Re: [xsl] Why? A function that computes atomic values should use xsl:sequence rather than xsl:value-of

Subject: Re: [xsl] Why? A function that computes atomic values should use xsl:sequence rather than xsl:value-of
From: "Michael Kay mike@xxxxxxxxxxxx" <xsl-list-service@xxxxxxxxxxxxxxxxxxxxxx>
Date: Tue, 31 Mar 2020 14:02:42 -0000
When you write

<xsl:function name="f:test" as="xs:boolean">
  <xsl:value-of select="2 + 2 = 4"/>
</xsl:function>

the expression in the select attribute returns the boolean value true. The
xsl:value-of instruction first converts this to the string "true", then wraps
this string into a text node (which carries all the baggage of nodes, such as
a unique identity). The function conversion rules then atomize the text node
to a string "true", and then convert the string back to the boolean value
true.

This is very inefficient. In some cases the Saxon optimizer is able to
eliminate all the unnecessary conversions, but it isn't always possible (for
example it gets quite complicated if the select expression is capable of
returning an empty sequence). It's much better to write the code in a way that
doesn't invoke all the conversion machinery in the first place.

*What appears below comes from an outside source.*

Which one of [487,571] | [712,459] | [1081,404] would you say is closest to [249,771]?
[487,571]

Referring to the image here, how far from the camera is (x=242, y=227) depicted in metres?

If `<xsl:value-of>` had instead been named `<xsl:create-text-node>`, which
would be a better name given what it does, then I suspect it wouldn't occur to
you to ask the question.

Michael Kay
Saxonica

> On 31 Mar 2020, at 14:40, Costello, Roger L. costello@xxxxxxxxx
<xsl-list-service@xxxxxxxxxxxxxxxxxxxxxx> wrote:
>
> Hi Folks,
>
> I have a function that returns a xs:boolean. I used xs:value-of to return
the value. Saxon 9.9.1.5 gives this warning message:
>
> 	A function that computes atomic values
> 	should use xsl:sequence rather than
> 	xsl:value-of
>
> Why?
>
> Why should a function use xsl:sequence?
>
> I don't recall ever seeing that warning before. Is this something new?